WHAT TO DO
Every entry is to be reproduced word for word, but the images are not.

RECORDS TO USE

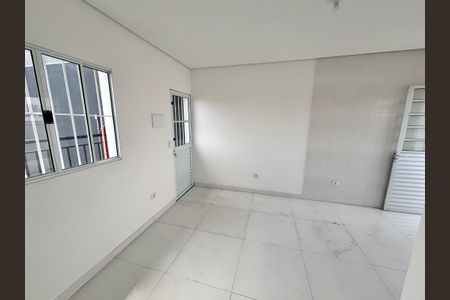 Apartamento à venda com 34m², 2 quartos e 1 vagaSala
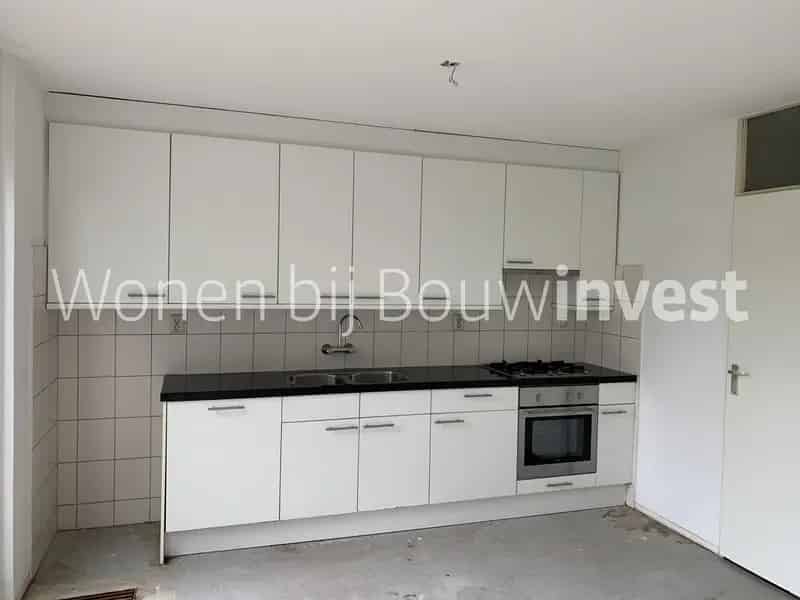 Eengezinswoning te huur Amstelveen Westwijk 129m2 3 slaapkamers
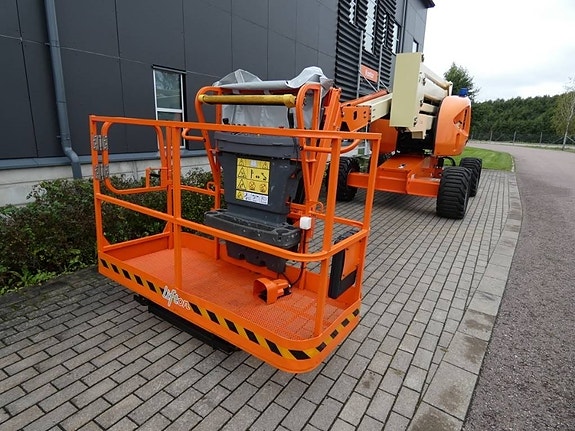 JLG 510 AJ 5 of 5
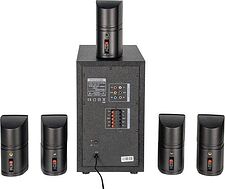 Акустика Microlab X3/5.1 BT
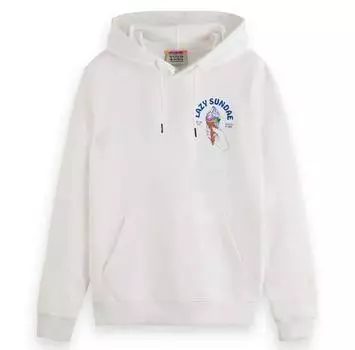 Scotch & Soda 177505 худи XL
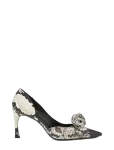 ROTATE - Knot Pump Leather - Kontsakingad - 40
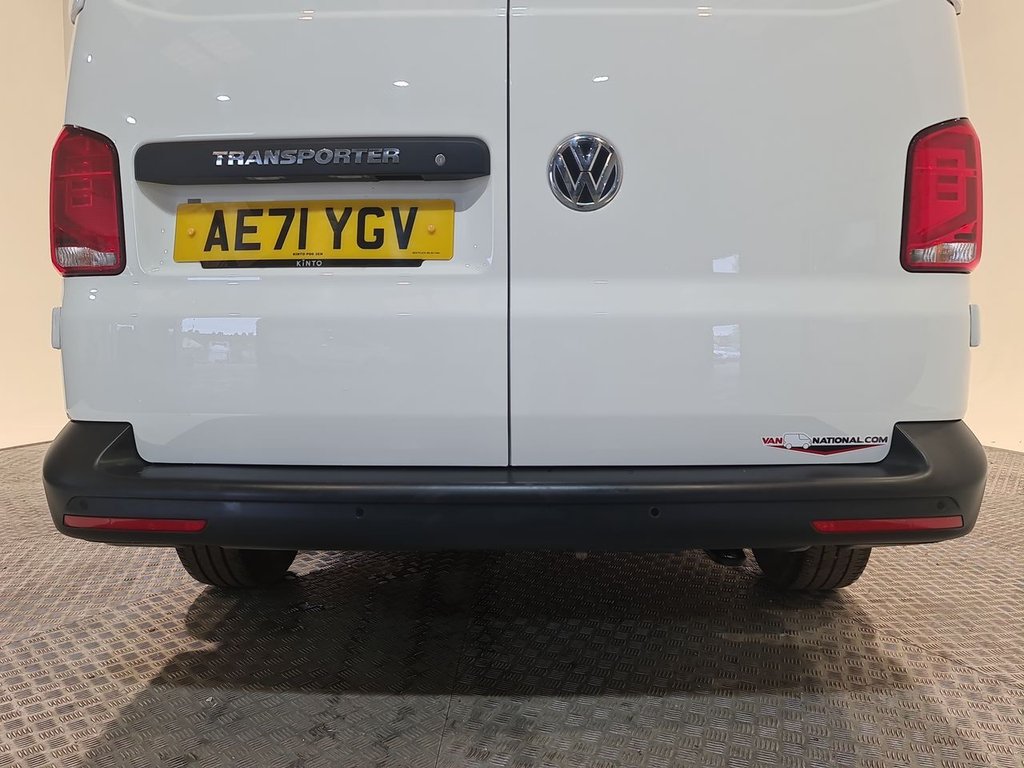 Used Volkswagen Transporter 2021 for sale - 76356164: Photo 15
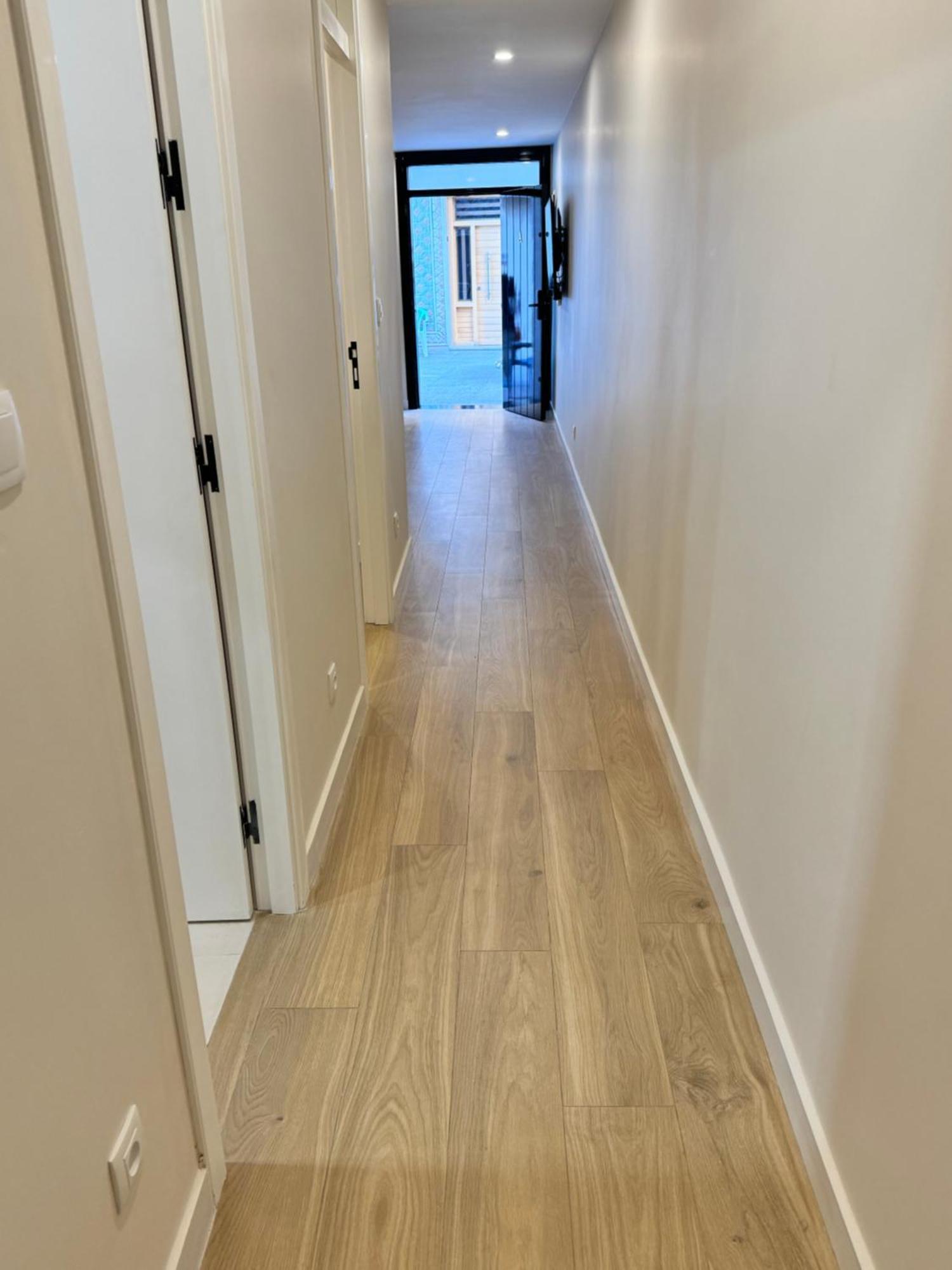 Belle Vue Appartement Al Hoceïma Kültér fotó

RESPONSE AREA
 Apartamento à venda com 34m², 2 quartos e 1 vagaSala
 Eengezinswoning te huur Amstelveen Westwijk 129m2 3 slaapkamers
 JLG 510 AJ 5 of 5
 Акустика Microlab X3/5.1 BT
 Scotch & Soda 177505 худи XL
 ROTATE - Knot Pump Leather - Kontsakingad - 40
 Used Volkswagen Transporter 2021 for sale - 76356164: Photo 15
 Belle Vue Appartement Al Hoceïma Kültér fotó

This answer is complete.